Show that two continuous functions that are surjective over the same interval intersect Say I have two functions $f$ and $g$, which are continuous over the interval $[a,b]$ and also have the same domain (edit: I meant range not domain) $D_{fg}$ over that interval:
$\forall y \in D_{fg}. \exists x_1, x_2 \in [a,b]. f(x_1) = y \land g(x_2) = y$
If this is the case, then $f$ and $g$ must intersect at at least one point. (This becomes obvious with a piece of paper. If you draw the one function as surjective with respect to $D_{fg}$ and continuous on the interval it is not possible to also draw the other as continuous and surjective with respect to $D_{fg}$ on the interval without the lines crossing)
So formally then:
$\forall y \in D_{fg}. \exists x_1, x_2 \in [a,b]. f(x_1) = y \land g(x_2) = y \implies \exists y \in D_{fg}. \exists x. f(x) = g(x) = y$
How do I prove this implication however?
 A: By the extreme value theorem, 
there exist an $x_f$ such that $f(x_f) = \max\{f(x)\mid x \in [a,b]\}$ and an $x_g$ such that $g(x_g) = \max\{g(x)\mid x \in [a,b]\}$.
Moreover, $f(x_f) = g(x_g) = c$.
If $g(x_f) = c$ or $f(x_g) = c$, we are done.
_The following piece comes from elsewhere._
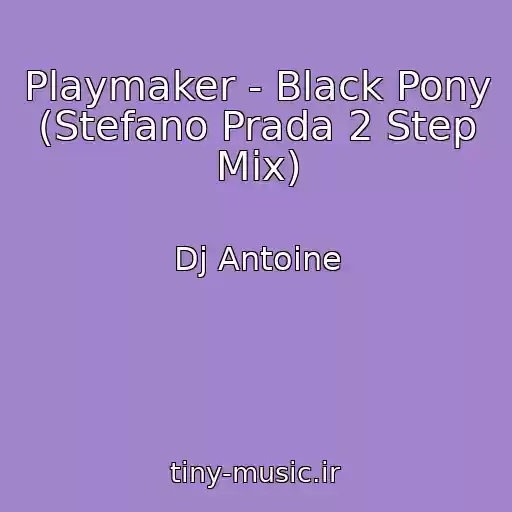 کاور آهنگ Playmaker - Black Pony (Stefano Prada 2 Step Mix) از Dj Antoine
Otherwise, $g(x_f) < c = f(x_f)$ and $f(x_g) < c = g(x_g)$. Now apply the intermediate value theorem to $f - g$ on the interval $[x_f,x_g]$ or $[x_g,x_f]$.
A: Since the two functions
have the same range
(I assume that is what you meant;
otherwise the question
is not true)
then there are values
$a \le c, d \le b$
with
$c \ne d$
such that
$f(c) \le f(x) \le f(d)$
and
$f(c) \le g(x) \le f(d)$
for
$a \le x \le b$.
I will assume that
$c < d$.
If $c > d$,
just switch them
in what follows.
Consider
$h(x) = f(x)-g(x)$
for
$c \le x \le d$.
Then
$h(c)
= f(c)-g(c)
\le 0$
(since
$f(c) \le g(x)$
for
$c \le x \le d$)
and
$h(d)
= f(d)-g(d)
\ge 0$
(since
$f(d) \ge g(x)$
for
$c \le x \le d$).
Therefore
there is a point $v$
such that
$c \le v \le d$
and
$0
= h(v)
=f(v)-g(v)
$
or
$f(v) = g(v)$.